Greater local food production possible
By Kevin E. Foley
Farming is moving closer to center stage in Putnam County, at least in the minds of policy makers. Officials released a report a few weeks ago on the status and prospects for farming, calling for a greater emphasis on farming as an economic engine for the county. But it will be some time before a significant increase in local food production can be realized given the present relatively small number and size of farms. Still, enthusiasm for the farming idea flows throughout the Keep Putnam Farming report by the Putnam Agricultural and Farmland Protection Board, (PAFPB) a volunteer advisory group to the county government.
The release of the report follows County Executive MaryEllen Odell’s state of the county speech in March wherein she cited farming as a growth opportunity to be explored in her declared “year of business development.”
Glynwood, the Cold Spring-based nonprofit farm organization that serves as an incubator and training group for farming in the Hudson Valley region, advised and assisted PAFPB throughout a two-year process of meeting with and surveying the Putnam farm community.
“Through the efforts of this initiative we have identified active farms in Putnam County so that we can work on strengthening the economic viability of our farms by enhancing the awareness of all our local agricultural products and services for all our residents,” said Lauri Taylor, district manager for Putnam Soil and Water Conservation. Taylor provided technical assistance for the study and will direct initiatives arising from the report.

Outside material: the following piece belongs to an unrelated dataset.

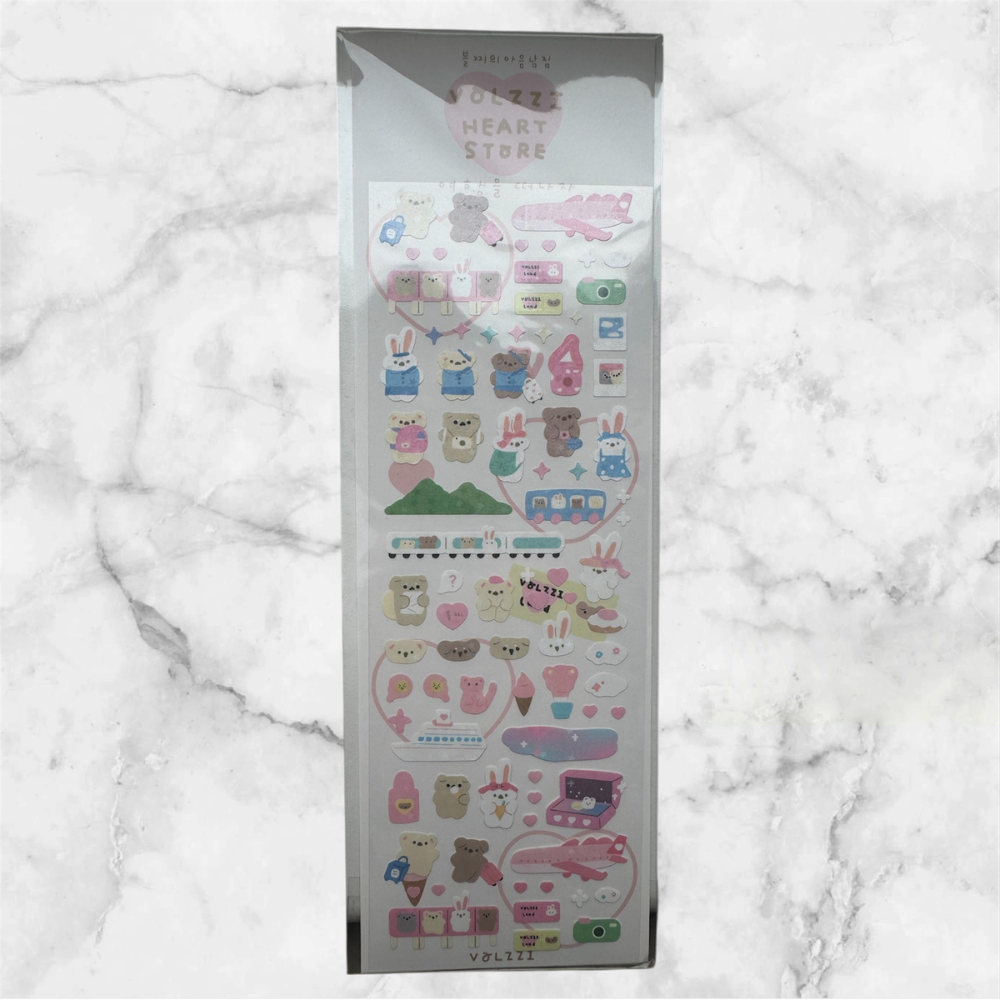 VOLZII HEART STORE STICKERS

The study, the first of its kind in the county, surveyed in depth 38 farms and makes several observations on the state of Putnam farming including:
Almost one-third of the farmers who responded indicated they have been in Putnam County for 10 years or less. Most are farmers growing food products and looking to build their business and take advantage of the increased demand for local products;
- 58 percent of respondents own 20 acres of working farmland or less; several equine farmers report that they are diversifying their farm operations to include other types of livestock, vegetable and fruit production;
- 50 percent of respondents indicated they provide agri-tourism activities on their farms;
- Importantly, 83 percent of respondents were over the age of 50 years, with 63 percent of these farmers over the age of 60 — suggesting that farmland succession is a pressing issue for this group of farmers. Over 40 percent of farmers also indicated that they are most iterested in receiving assistance related to farmland preservation and succession planning.

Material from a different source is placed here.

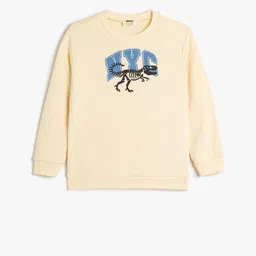 Koton Boys Printed Sweatshirt-picture-47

The survey resulted in several recommendations for future work toward expanding farming, particularly food farming in Putnam. Among them:
- Formalize the Putnam County Farmers network;
- Training, education and technical assistance programs for farmers;
- Solutions to existing needs for processing services in Putnam County;
- Increase and diversify market opportunities for farms;
- Update the Putnam County Agriculture and Farmland Protection program.
From small things
A larger, more detailed study would be needed to determine the full extent of farming in Putnam, Taylor said. She placed the possible number of working farms as defined by the state (at least 7 acres and a minimum income of $10,000) at about 70.
While acknowledging that the county farming community is modest in size, individuals involved in the study effort told The Current that the gathering of the information and bringing farmers together represents a significant step in beginning to realize the potential present in the county.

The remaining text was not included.